### What you will do:
When you reach the line below that has "cozy earth Tops", start returning lines exactly, and stop after the line that has "Women's Ballet Flats"; skip the pictures.

### Records shown:
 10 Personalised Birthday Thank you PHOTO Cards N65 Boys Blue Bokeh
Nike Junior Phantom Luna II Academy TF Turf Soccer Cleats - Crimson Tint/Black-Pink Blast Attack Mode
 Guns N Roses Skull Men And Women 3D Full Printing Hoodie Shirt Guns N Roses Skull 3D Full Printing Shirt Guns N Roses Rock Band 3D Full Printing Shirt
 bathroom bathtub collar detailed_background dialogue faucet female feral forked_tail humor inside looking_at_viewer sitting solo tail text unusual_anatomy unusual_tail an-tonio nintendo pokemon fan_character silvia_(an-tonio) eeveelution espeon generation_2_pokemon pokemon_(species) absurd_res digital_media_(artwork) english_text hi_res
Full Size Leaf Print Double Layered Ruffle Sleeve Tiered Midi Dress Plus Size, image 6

--

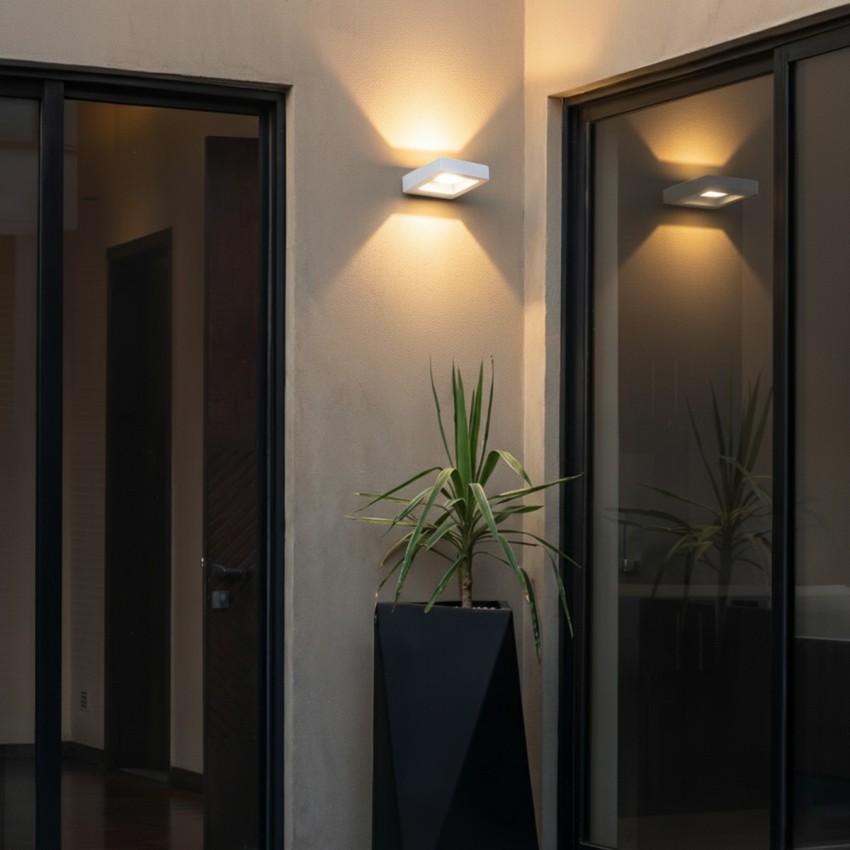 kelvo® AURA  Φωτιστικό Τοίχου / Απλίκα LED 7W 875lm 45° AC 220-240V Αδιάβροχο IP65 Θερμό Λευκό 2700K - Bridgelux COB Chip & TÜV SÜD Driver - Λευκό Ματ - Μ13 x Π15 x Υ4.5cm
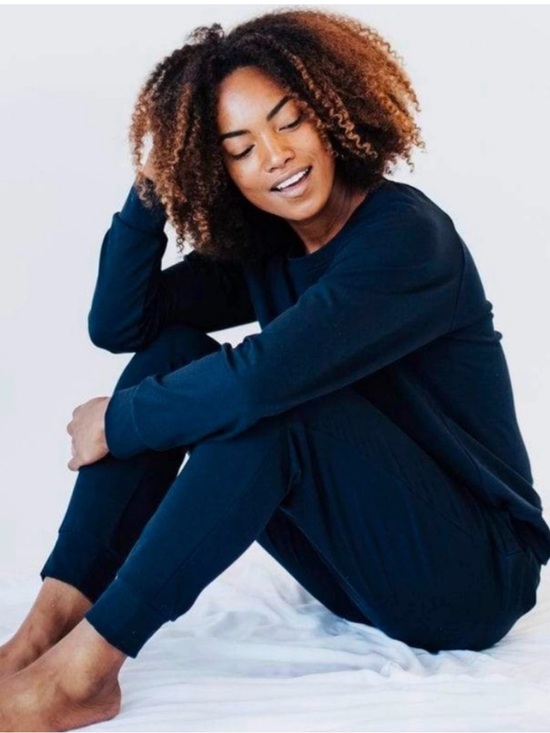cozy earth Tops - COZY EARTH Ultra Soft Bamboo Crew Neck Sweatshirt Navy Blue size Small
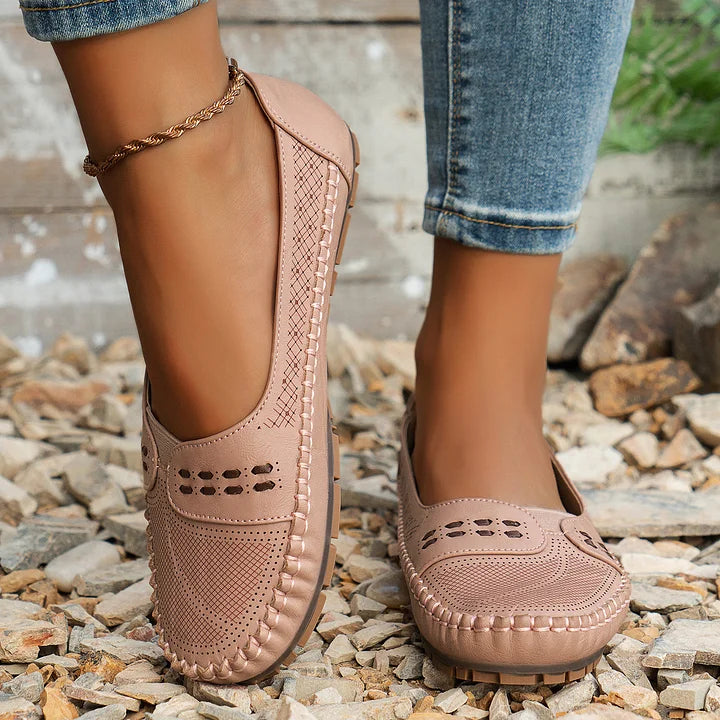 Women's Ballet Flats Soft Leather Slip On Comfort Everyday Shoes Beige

### Output for this task:
cozy earth Tops - COZY EARTH Ultra Soft Bamboo Crew Neck Sweatshirt Navy Blue size Small
 Women's Ballet Flats Soft Leather Slip On Comfort Everyday Shoes Beige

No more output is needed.